**Records for processing:**
++++++++++
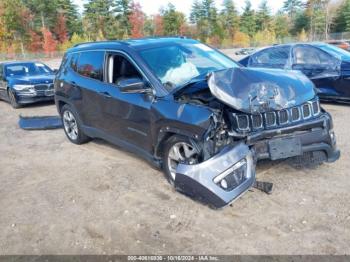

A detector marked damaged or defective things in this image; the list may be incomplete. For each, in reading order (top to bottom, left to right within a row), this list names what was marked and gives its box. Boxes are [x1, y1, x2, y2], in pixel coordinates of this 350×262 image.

crumpled hood [209, 67, 316, 113]
deployed airbag [208, 66, 318, 113]
damaged jeep compass [54, 37, 340, 208]
broken bumper [174, 142, 254, 208]
shattered headlight [215, 159, 247, 191]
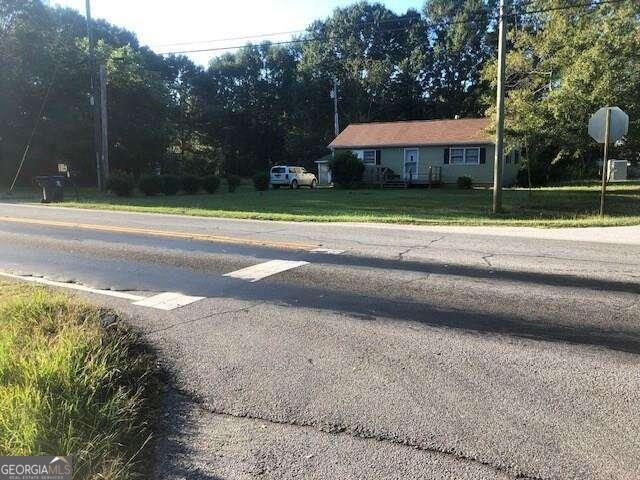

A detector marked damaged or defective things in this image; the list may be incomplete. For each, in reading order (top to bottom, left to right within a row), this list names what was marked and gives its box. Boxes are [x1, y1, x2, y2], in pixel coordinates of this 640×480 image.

cracked asphalt [1, 203, 640, 480]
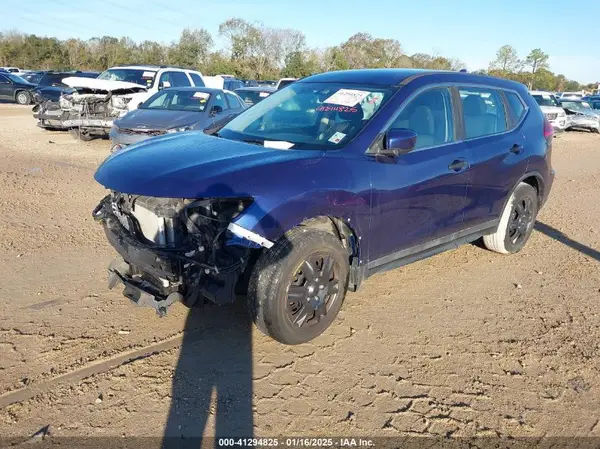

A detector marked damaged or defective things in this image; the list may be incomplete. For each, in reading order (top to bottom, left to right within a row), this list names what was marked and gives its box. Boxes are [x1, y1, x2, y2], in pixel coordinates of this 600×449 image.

damaged front end [60, 86, 143, 136]
damaged car [57, 65, 206, 140]
crumpled hood [116, 108, 207, 130]
crumpled hood [95, 131, 324, 198]
damaged car [92, 69, 552, 344]
damaged front end [92, 192, 270, 316]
++++++++++
**Problem:**
Apart from its pictures, the material above should be repeated exactly.

**Result for this exercise:**
A detector marked damaged or defective things in this image; the list may be incomplete. For each, in reading order (top to bottom, left to right within a row), this list names what was marked and gives its box. Boxes are [x1, y1, x2, y2], in pixel coordinates of this 350×262 image.

crumpled hood [209, 67, 316, 113]
deployed airbag [208, 66, 318, 113]
damaged jeep compass [54, 37, 340, 208]
broken bumper [174, 142, 254, 208]
shattered headlight [215, 159, 247, 191]

A detector marked damaged or defective things in this image; the list may be incomplete. For each, in reading order (top to bottom, left to right within a row), this list names what was marked and gives its box. Boxes are [x1, y1, x2, y2], in pixel coordinates of this 640×480 image.

cracked asphalt [1, 203, 640, 480]

A detector marked damaged or defective things in this image; the list may be incomplete. For each, in reading order (top to bottom, left to right within a row), this list names what was marked and gives its box. Boxes are [x1, y1, x2, y2], in pixel coordinates of this 600×449 image.

damaged front end [60, 86, 143, 136]
damaged car [57, 65, 206, 140]
crumpled hood [116, 108, 207, 130]
crumpled hood [95, 131, 324, 198]
damaged car [92, 69, 552, 344]
damaged front end [92, 192, 270, 316]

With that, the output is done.